Threads vs process is an ongoing debate in designing computer systems. Depending upon the workload, and the nature of the application, it might be better to design it in a multi-process way vs a multithreaded way or vice versa. The paper presents a thorough performance-oriented evaluation of web-server architectures comparing event-driven, thread-per-connection, and hybrid pipelined server architectures. They use the fastest available server for each architecture, apply some modifications (like using zero copy sendfile) and demonstrate the importance of properly tuning each server appropriately. They show how they modified Knot, enabling it to use sendfile system call, both in blocking and non-blocking mode. Also they modified u-server to act as a SYMPED (symmetric multiple process event-driven) server, which yields much lower CPU utilization. The tuning part is very important, because the performance of each server is affected by the number of concurrent connections and kernel threads. The authors put a lot of emphasis in making the different systems comparable by using the same programming language, and having common components for caching, hashing etc. After thoroughly testing and benchmarking, they conclude that the u-server and Watpipe have a 18% higher throughput than knot (multithreaded) server.

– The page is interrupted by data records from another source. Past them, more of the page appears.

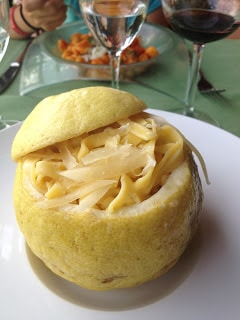 Pasta in a large lemon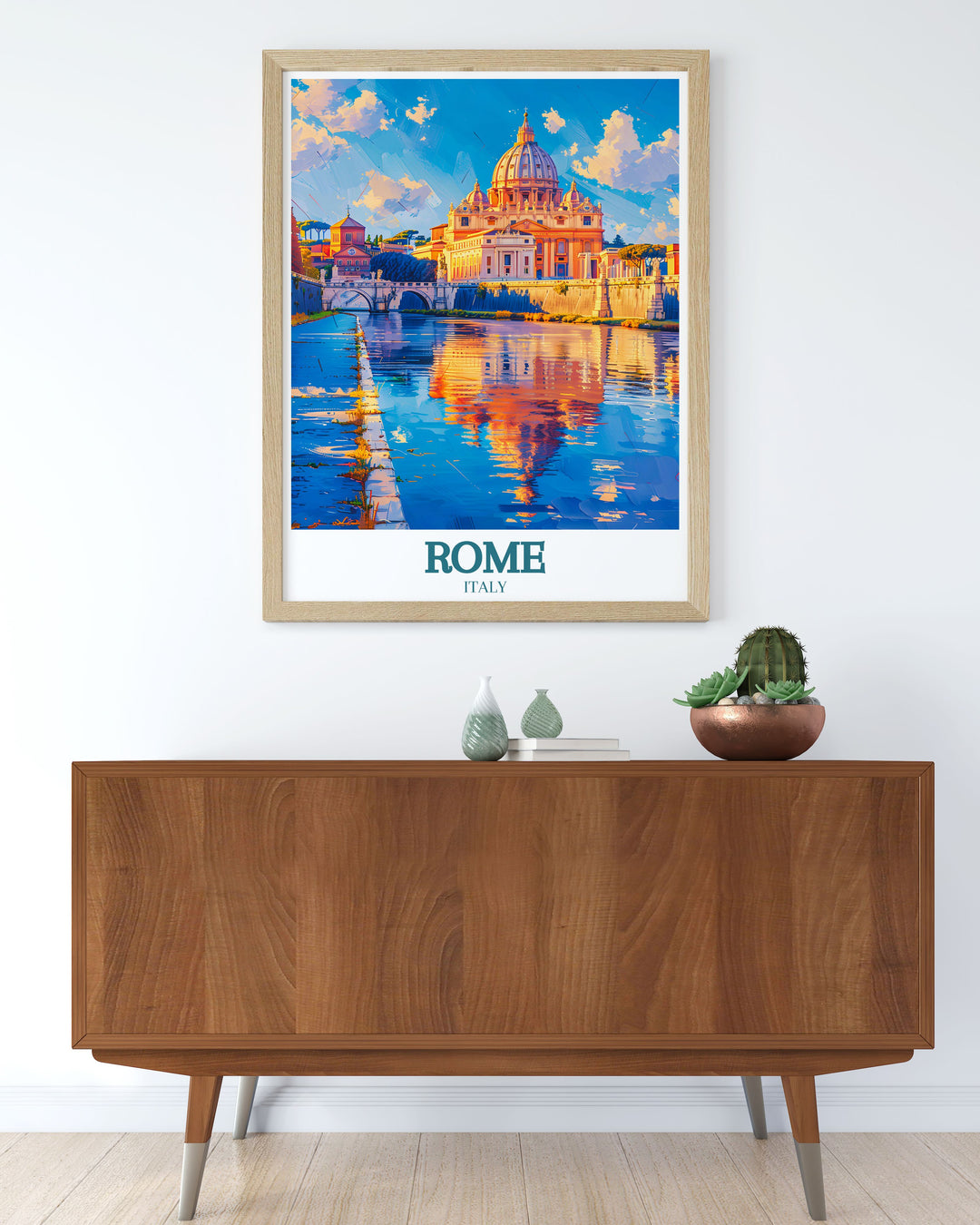 Elegant Rome poster showcasing the iconic St Basilica Vatican City perfect for those who appreciate historical landmarks and sophisticated decor makes an excellent gift for travel enthusiasts and history buffs alike.
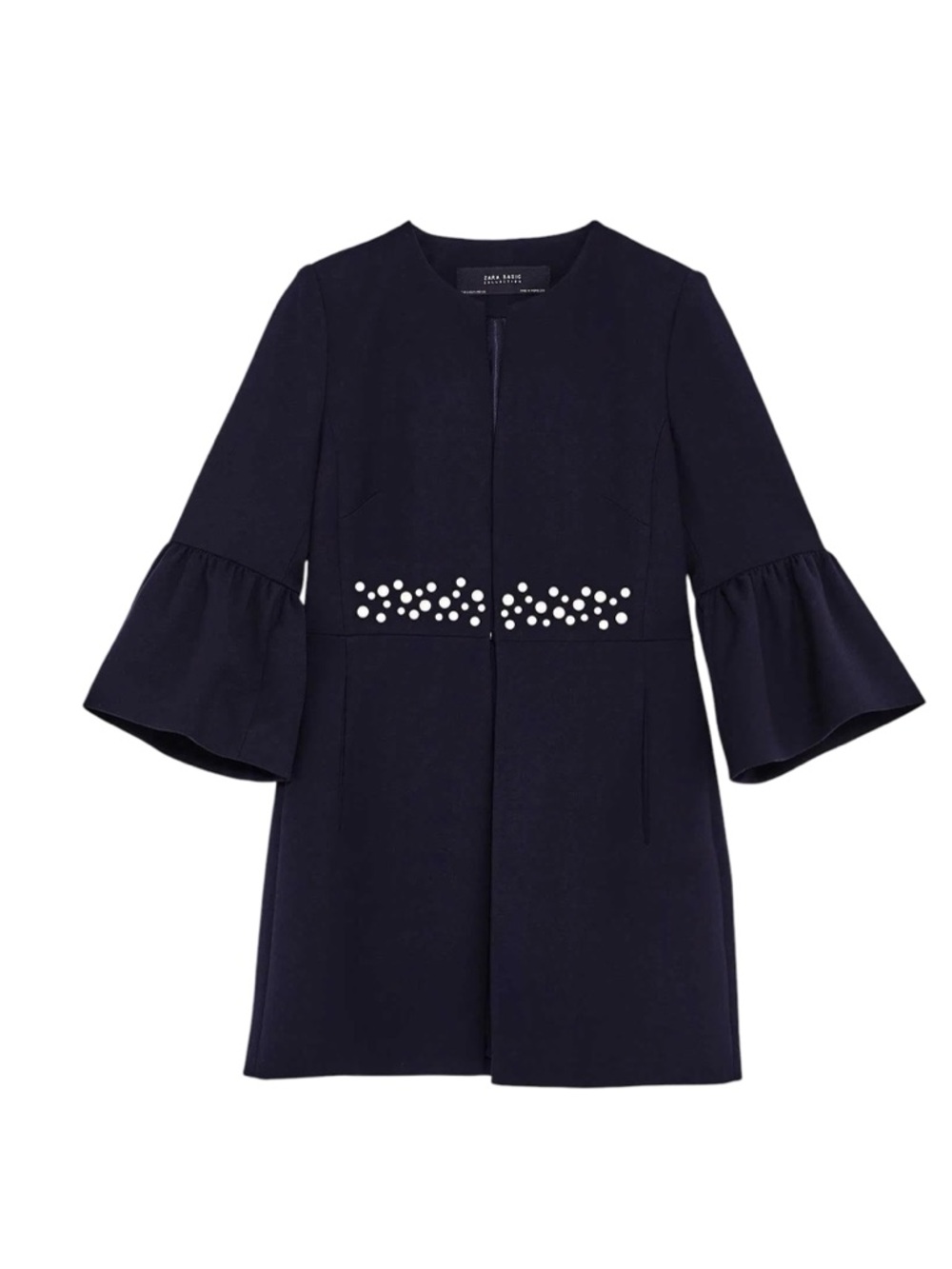 ZARA Navy Pearl Detail Blazer Longline Jacket Elegant Size M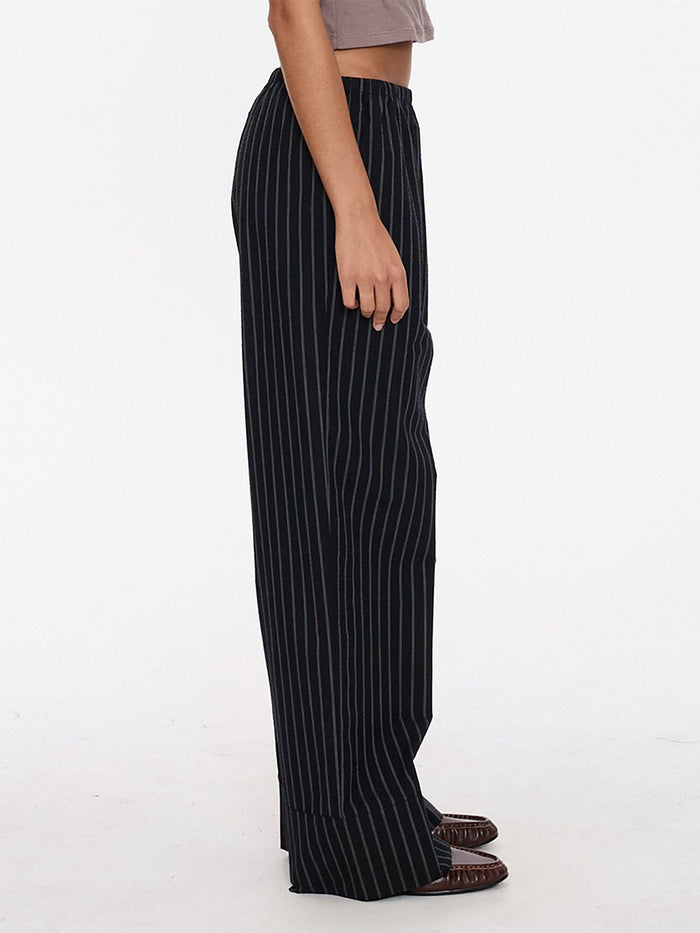 Unwind Stripe Pant - Black 4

What I liked about this paper

a. The authors spent very great effort to get the three different architectures to a comparable level. They changed the knot server to use the sendfile system call and implemented their own pipelined server (WatPipe) in C++.
b. The authors demonstrated the importance of properly tuning each server to get the best results. They provide elaborate testing schemes and compare server throughput and response times for each.
c. The authors show exact representation of results in graphs. One thing we can see is that the graphs start at X axis =0, which is different from the Flash paper where they put X=200 as the starting point, thus being able to embellish their results slightly.

Critical comments

a. It would be great to see how these results might differ in a multiprocessor environment. The authors mention in the paper about this – “It will be interesting to see if the current efficiencies in Capriccio can be maintained in an environment that supports multiprocessors or if such support necessarily introduces new inefficiencies.”, but don’t go into detail in explaining the results/consequences.
b. Web server performance tests are very dependent on how often you hit the disk. But we see no discussions on this (like measuring seek rate, cache hit rate, how worn out are the disks after millions of ops).
Some Systems concepts could be explained better so that the paper is better understandable for someone who is not into OS research (e.g., how do poll and epoll work, etc.)

Questions

a. How will the results differ if we take multiprocessor systems into account?
b. We can see that the optimal performance of the Webservers has been achieved by carefully hand-tuning the systems manually. Can this process be automated?